Nous sortons petit à petit de la soupe primitive où chacun est réellement polyvalent… Les spécialités s’organisent progressivement en laboratoires : essais physiques et microstructure, puis chimie, lorsque le LERM reprendra le LERIE qui était dirigé par Bernard Courtault et où travaillaient des chimistes de l’ex CERILH.
A ce moment le laboratoire est totalement reconstitué et dans la progressive mise en place de l’encadrement, c’est moi qui suis amené à le diriger.
Comment vois-tu cette fonction ?
Mon souci principal, mais c’est celui de chacun au LERM, c’est de produire des études de qualité dans des délais respectés. La première chose à faire est donc de maintenir les acquis du laboratoire mais… sans s’endormir dessus ! Il convient donc de soutenir et de développer le niveau de formation, de maintenir et de renouveler le matériel et les équipements, de garantir et d’améliorer les procédures.
Il est également très important de maintenir des liens aussi étroits que possible entre le labo et l’ingénierie ; il est nécessaire que ces acteurs du LERM se comprennent bien aussi bien techniquement que scientifiquement.

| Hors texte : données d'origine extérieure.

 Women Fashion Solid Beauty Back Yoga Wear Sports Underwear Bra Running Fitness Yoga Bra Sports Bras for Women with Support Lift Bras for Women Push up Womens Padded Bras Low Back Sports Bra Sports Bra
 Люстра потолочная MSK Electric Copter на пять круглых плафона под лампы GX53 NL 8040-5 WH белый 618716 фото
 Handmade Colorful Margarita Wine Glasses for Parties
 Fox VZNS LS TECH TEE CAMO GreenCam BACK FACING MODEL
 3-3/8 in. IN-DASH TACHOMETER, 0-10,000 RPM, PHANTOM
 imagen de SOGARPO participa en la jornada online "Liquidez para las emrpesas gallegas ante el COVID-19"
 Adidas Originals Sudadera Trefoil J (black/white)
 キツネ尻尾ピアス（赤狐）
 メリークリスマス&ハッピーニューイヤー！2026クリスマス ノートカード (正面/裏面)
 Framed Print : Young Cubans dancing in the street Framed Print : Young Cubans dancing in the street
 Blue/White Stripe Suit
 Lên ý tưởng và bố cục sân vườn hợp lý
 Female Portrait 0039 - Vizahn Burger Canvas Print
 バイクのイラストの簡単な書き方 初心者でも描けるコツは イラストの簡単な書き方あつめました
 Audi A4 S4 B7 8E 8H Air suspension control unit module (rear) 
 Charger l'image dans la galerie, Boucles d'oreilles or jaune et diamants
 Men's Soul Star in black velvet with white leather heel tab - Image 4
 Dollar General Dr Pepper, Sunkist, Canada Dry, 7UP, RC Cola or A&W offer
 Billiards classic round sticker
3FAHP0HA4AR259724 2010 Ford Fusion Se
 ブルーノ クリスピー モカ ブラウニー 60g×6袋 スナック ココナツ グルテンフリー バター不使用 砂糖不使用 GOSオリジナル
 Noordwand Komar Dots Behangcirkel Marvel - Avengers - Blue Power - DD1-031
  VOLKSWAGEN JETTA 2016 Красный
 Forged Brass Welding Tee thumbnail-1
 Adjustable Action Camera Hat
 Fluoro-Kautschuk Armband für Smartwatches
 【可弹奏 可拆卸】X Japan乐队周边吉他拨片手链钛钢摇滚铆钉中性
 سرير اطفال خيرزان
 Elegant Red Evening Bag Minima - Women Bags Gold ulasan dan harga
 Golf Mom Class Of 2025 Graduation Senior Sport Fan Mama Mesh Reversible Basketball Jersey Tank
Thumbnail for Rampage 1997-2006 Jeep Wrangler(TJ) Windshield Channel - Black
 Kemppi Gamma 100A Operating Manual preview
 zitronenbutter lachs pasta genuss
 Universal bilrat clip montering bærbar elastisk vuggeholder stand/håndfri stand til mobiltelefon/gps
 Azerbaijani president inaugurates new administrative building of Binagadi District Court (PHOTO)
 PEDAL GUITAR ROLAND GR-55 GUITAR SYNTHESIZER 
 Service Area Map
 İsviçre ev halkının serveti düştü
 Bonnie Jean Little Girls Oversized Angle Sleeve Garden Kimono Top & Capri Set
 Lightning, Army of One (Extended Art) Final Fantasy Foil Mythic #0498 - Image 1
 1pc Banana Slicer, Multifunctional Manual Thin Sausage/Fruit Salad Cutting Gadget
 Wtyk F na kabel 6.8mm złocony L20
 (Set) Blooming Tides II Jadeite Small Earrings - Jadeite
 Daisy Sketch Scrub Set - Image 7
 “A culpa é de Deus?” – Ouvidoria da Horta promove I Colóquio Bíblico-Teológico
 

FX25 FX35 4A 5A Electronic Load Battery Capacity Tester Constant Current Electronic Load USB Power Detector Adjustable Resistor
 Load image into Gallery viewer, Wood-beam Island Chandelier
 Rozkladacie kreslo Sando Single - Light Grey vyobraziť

Le L du LERM, qui signifie Laboratoire, est l’assise de l’activité d’ingénierie et d’expertise de l’entreprise.
Si tu jetais un regard rétrospectif sur ton activité qu’en dirais-tu ?
Au-delà de mes contributions techniques et scientifiques, il me semble que ma fonction a été de rassurer, d’aider chacun à prendre confiance dans ses connaissance et ses capacités, et à soutenir, tout au long de l’évolution du LERM, la nécessité d’un laboratoire intelligent et performant.
Et comment vois-tu l’avenir de ton activité ?
Tu sais, le temps approche du passage du flambeau. Il faut préparer ce passage. C’est un patrimoine matériel et intellectuel qu’il faut transmettre, mais qui n’a rien de passé : un labo prêt pour l’avenir, bien positionné, reconnu, apte à mener les recherches appliqués dont nos clients ont besoin.
Propos recueillis par Philippe Souchu, documentaliste au Centre de documentation du Lerm. Juin 2013.